Which leads us to something Meister Eckhart once said. The Complete Mystical Works of Meister Eckhart is an anthology of nearly a hundred sermons by the great medieval German mystic. In the very first sermon, he say something, almost off-handedly, that I think has profound ramifications for the mystical life.
Eckhart says:
The nature of a word is to reveal what is hidden.
This is a clue to the mystical meaning of scripture.
When I experience love for you, that love begins as a deep intuition in my heart. It may emerge as a feeling, as an insight, as a sense of affection or care. When it’s romantic love, it can be the heady feelings associated with infatuation or “falling in love.”
But notice: all of these “love experiences” are hidden within me (or whoever it is that’s embodying the love). Hopefully I am showing my love with my actions — and yes, I know, “actions speak louder than words.” But there’s still a very real sense that until I say “I love you” then the love remains hidden in my heart.
The nature of a word is to reveal what is hidden. And what is true for the word “love” is true for every word.
If I’m thinking about guacamole, you very likely know nothing about it. But then I say, “let’s go get some guac,” and thanks to the word guacamole what was hidden in my mind (and appetite!) has been revealed.
Pick up a book — any book — and in the reading, you are ushered in to the hidden world of the author’s mind and heart.
Recovering the Mystical Sense of Scripture
How do we recover the mystical sense of the Bible, then? It may be as simple as reading the mystics and learning what they have to say about it. It may involve a commitment to praying the Bible (such as by praying the Daily Office) or praying with the Bible (by the practice of lectio divina). Most of all, I think it’s important to bring an open mind and open heart to the Bible. When you read the Bible, pray for contemplative insight. Pray that the spirit may guide you to sense how the words in the Bible might reveal truth that has been hidden — hidden in the very mind and heart of God.
In his book A Faith You Can Live With, Jesuit author John O’Donnell quotes another Jesuit, Philip Rosato, for an insight he made about the articles of faith in the Apostle’s Creed. “Each article of faith refers to reality; each touches the believer’s personal existence; each has social (communal) consequences; and each contains a dimension of human hope.”

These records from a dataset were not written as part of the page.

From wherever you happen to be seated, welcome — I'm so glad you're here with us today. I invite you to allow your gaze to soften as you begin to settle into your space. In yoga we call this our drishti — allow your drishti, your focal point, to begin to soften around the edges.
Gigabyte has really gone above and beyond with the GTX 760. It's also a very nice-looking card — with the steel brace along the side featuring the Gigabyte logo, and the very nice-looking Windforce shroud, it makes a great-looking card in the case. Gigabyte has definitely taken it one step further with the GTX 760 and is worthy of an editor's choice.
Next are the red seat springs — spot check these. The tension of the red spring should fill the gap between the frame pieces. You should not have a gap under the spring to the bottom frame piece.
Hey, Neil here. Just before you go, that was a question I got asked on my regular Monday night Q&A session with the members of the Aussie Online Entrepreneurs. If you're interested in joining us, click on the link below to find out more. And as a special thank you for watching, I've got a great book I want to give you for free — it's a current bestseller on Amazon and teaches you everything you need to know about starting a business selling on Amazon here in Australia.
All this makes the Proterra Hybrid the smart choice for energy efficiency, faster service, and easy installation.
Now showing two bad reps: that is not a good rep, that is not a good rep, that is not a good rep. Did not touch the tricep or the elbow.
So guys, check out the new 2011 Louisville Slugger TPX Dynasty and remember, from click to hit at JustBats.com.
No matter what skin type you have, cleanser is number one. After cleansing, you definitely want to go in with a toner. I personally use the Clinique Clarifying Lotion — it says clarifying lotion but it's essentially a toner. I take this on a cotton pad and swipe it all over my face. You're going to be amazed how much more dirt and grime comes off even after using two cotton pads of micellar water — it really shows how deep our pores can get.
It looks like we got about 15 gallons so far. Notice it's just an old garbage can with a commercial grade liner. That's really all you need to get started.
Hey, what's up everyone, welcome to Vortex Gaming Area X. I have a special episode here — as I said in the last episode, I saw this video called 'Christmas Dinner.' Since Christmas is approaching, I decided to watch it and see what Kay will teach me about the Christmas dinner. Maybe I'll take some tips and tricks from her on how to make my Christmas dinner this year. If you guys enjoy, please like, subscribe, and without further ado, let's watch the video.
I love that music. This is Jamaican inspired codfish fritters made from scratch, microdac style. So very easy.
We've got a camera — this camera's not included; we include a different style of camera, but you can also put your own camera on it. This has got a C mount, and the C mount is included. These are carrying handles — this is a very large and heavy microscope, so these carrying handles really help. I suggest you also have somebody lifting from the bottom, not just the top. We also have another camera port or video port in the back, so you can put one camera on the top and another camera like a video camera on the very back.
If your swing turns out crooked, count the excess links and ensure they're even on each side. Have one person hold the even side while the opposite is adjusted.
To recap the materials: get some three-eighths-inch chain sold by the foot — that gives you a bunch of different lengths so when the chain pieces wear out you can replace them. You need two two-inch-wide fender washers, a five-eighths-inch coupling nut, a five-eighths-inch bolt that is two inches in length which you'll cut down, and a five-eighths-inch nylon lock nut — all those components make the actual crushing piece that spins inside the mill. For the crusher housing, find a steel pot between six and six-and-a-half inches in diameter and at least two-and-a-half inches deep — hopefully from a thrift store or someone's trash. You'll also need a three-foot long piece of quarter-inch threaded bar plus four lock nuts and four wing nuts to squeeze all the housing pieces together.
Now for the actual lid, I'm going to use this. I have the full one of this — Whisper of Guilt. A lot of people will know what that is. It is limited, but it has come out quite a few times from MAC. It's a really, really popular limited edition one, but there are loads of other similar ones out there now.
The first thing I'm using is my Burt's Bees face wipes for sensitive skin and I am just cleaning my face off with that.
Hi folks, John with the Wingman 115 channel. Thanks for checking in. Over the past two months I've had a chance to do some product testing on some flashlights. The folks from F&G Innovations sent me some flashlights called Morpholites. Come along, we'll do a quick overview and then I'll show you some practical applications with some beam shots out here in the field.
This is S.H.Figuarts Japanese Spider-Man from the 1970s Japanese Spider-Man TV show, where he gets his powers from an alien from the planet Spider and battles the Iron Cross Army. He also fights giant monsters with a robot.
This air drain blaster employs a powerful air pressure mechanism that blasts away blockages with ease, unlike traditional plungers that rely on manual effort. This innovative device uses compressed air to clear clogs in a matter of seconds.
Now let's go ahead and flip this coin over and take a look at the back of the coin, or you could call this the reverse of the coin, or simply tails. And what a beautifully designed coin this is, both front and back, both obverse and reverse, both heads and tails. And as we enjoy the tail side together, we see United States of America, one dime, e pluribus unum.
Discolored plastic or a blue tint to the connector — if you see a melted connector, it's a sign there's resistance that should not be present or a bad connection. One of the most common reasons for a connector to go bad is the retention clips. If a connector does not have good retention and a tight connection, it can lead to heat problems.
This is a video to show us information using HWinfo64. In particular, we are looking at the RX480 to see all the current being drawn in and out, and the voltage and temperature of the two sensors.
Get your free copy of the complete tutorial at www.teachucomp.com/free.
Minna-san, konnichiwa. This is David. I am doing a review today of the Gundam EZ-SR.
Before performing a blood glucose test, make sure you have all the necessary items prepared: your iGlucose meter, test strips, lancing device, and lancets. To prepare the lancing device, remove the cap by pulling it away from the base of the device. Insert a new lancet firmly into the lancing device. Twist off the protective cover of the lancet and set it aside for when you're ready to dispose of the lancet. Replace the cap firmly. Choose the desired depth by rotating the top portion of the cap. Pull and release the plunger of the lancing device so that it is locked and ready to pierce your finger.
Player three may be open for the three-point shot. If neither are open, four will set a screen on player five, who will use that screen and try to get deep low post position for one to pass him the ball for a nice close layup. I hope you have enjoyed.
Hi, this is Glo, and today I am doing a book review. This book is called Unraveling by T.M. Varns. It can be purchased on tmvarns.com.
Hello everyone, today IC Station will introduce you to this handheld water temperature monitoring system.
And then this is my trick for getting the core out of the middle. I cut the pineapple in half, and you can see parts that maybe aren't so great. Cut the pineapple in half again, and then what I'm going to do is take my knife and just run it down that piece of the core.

What’s true for the Creed is also true for wisdom encoded in the Bible, the Word of God. Every sacred, spiritual, contemplative and mystical teaching in scripture has something to say to us on four levels:
- The way things are;
- The way things could be;
- How this teaching impacts us as individuals;
- How this teaching impacts us as a collective/community.
The Word of God — which can be seen as a metaphor for Jesus himself, but also as a way of understanding the Bible as a wisdom document — reveals what is hidden to us: truths about ourselves, truths about our relationships, truths about present reality, and truths about future possibility. Clearly, not every single word or verse in the Bible carries the same weight — some sections have only historical interest (such as the purity codes or the detailed descriptions of the ark of the covenant), and some passages, it must be said, reflect the limitations of the culture in which they were originally written. So the Bible still needs to be read in a careful, informed, interpretive way. But if we see it as not just a historical religious document, but also as a living text containing spiritual wisdom and the invitation into union with God, then the Bible, read in a mystical and contemplative way, can reveal the great “hidden” (mystical) truth of all: that God exists, God loves us, and God seeks union with us, right here and right now.